As part of my #ESA100 reflections, I commented that variance partitioning was dead as a way to infer the drivers of metacommunity structure. Mathew Leibold didn’t get what I was on about at all. Understandably–my remarks were brief and in retrospect not as clear as they should’ve been.* He was kind enough to take the time to comment at length on what he sees as the main problems with variance partitioning and how it’s currently applied, which gave me the chance to clarify my own views. I agree with Mathew on many points.
Wanted to highlight this exchange because I think it addresses an important issue in ecology. Understanding metacommunities is a really important job for community ecology, and right now variance partitioning is probably the single most popular tool for the job. It’s vitally important that we use that tool in effective ways, improve it if we can, and have a good understanding of what it can’t and can’t do. Mathew and I agree that:
- There’s been excessive enthusiasm for using variance partitioning as a diagnostic test for metacommunity theories. There are too many possible “kinds” of metacommunities–far more than the small number of “paradigm” special cases on which existing theory focuses–for variance partitioning to be used as a diagnostic tool.

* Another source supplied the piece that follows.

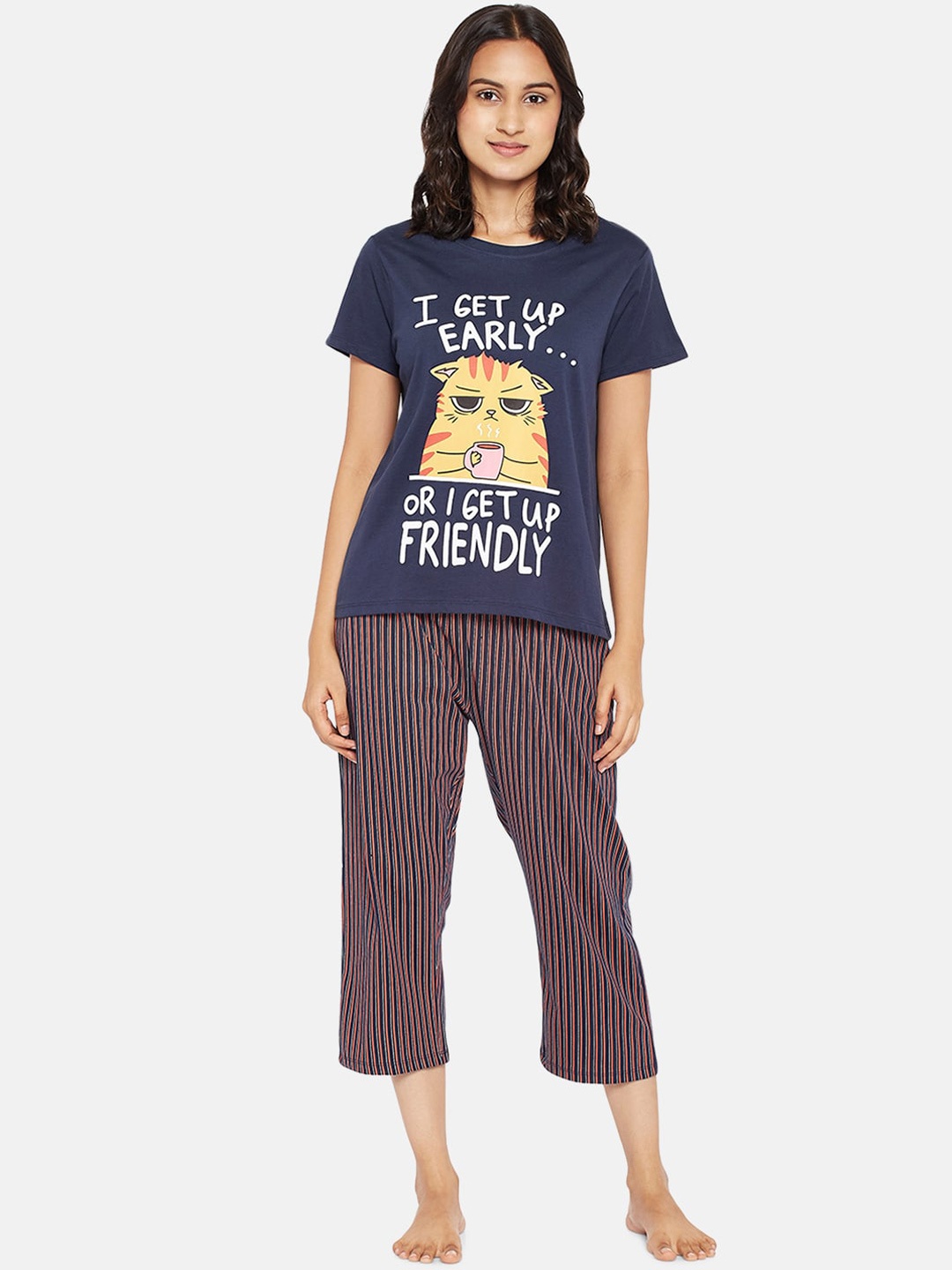 

People Women Navy Blue & Orange Printed Pure Cotton Night Suit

- Insufficient attention has been given to how to interpret variance partitioning even if various statistical issues with it are addressed. (I’d add–don’t know if Mathew would agree–that this is a common problem in ecology. When a new statistical tool is developed, subsequent work tends to focus on identifying and resolving technical statistical issues with that tool. Which is fine, but tends to have the unfortunate side effect that equally or even more important non-statistical issues of how to interpret the tool tend to get neglected. Or worse, get mistaken for technical statistical issues.)
- Variance partitioning remains a potentially useful statistical tool, and future work needs to focus on how to interpret and use that tool most effectively. (Not as a standalone diagnostic tool, but as one line of evidence among others, I’d say.)
I also think this exchange of comments was a nice example of how blogging can contribute to scientific discussion. So I wanted to highlight it for that reason as well.
*Mathew’s a friend and knows how my brain works. So if he can’t tell what the hell I’m on about, probably lots of other people couldn’t tell either. Which is my bad.